Карамзин восхищался академическим словарём, который «утверждает значение слов, избавляет писателей от многотрудных изысканий, недоумений, ошибок». И тут же призывал его служить «для дополнения, для перемен, необходимых по естественному, беспрестанному движению живого слова к дальнейшему совершенству… успехов общежития и словесности».
Предтеча Пушкина, основоположника нашего современного русского языка, Карамзин считал, что истинное богатство языка «состоит не во множестве звуков, не во множестве слов, но в числе мыслей, выражаемых оным… В языке, обогащённом умными авторами, в языке выработанном не может быть синонимов: всегда имеют они между собой некоторое тонкое различие, известное тем писателям, которые владеют духом языка, сами размышляют, сами чувствуют, а не попугаями других бывают».

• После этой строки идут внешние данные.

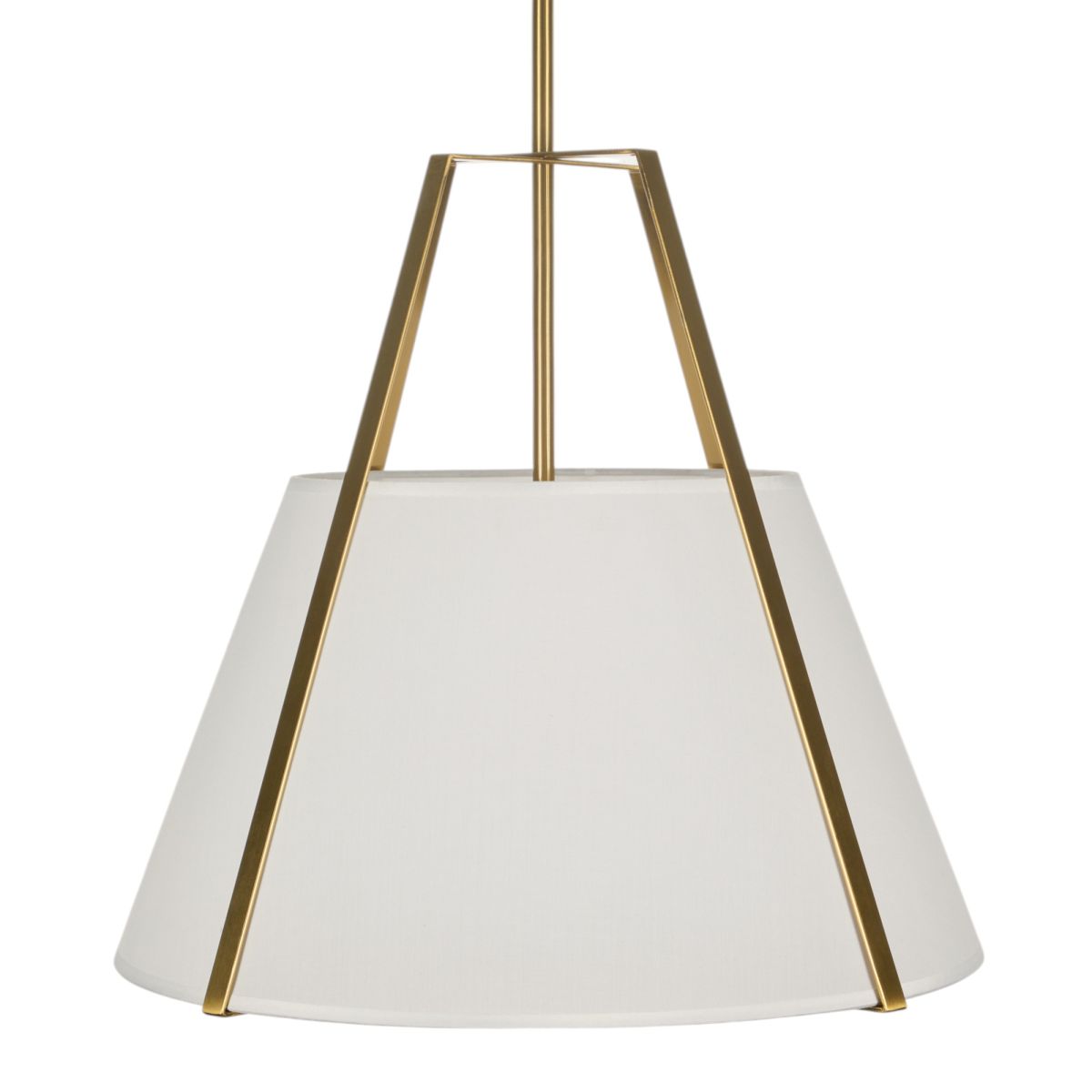 Люстра на штанге Myfar Finn MR2450-1P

Богат тот язык, который не только обозначает главные идеи, но и изъясняет их различия, оттенки большей или меньшей силы, простоты и сложности. Русские для этого переняли словесную мудрость церковных и светских книг. Накладываясь на природный живой разговор (увы, вздыхает Карамзин: «…у нас в лучших домах говорят по-французски!»), язык призывает «выдумывать, сочинять выражения; угадывать лучший выбор слов; давать старым некоторый новый смысл, искусно предлагать их в новой связи». Литератор предлагает не подражать французам, а брать с них пример создания изящного «языка милых дам».

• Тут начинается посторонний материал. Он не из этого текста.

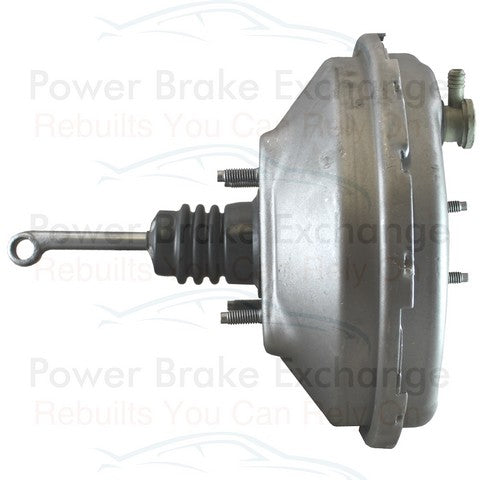 Power Brake Booster Power Brake Exchange 80263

Особо значимы для нас отличные от латинского влияния на языки «варваров» Европы родство и взаимодействие с другими славянскими языками и с общей им всем древне– (южно-, церковно-) славянской основой. Не ведая ни взаимоисключения, ни противопоставления, они предопределили системную зависимость книжной и разговорной разновидностей языка, их раздельное, но и взаимопроникающее функционирование, ярко иллюстрируемое древнерусскими рукописными, затем печатными книгами.
Мысль о синтезе книжности и разговорности, как и вера в то, что, впитывая полезное из иноязычного влияния, остерегаясь и в том, и в другом излишеств, непоколебимо запечатлена в нашей общеязыковой Норме именно Пушкиным. До него славянскую (литургическую) книжность обоготворяли и в ней чуть ли не исключительно находили норму. В исторически заданном её сосуществовании с «простонародным наречием», как выражался Пушкин, он видел перспективу развития, а отнюдь не недостойный хаос, заслуживающий уничижения.
Законы и письменные челобитные утрачивали жёсткую привязку к звуковому общению, а семейно-образовательное чтение Псалтыри открывало путь книжным формам в живое звучание. Но было ещё далеко до упорядоченного противостояния книжной и разговорной разновидностей в едином языке, облагораживаемом беллетристикой. Заметим, что этого не добились даже современные дисплейные тексты, которые стирают грань между устной и письменной формами реализации языка и предвещают превращение различия книжного и некнижного языка из системно-структурного в стилистическое.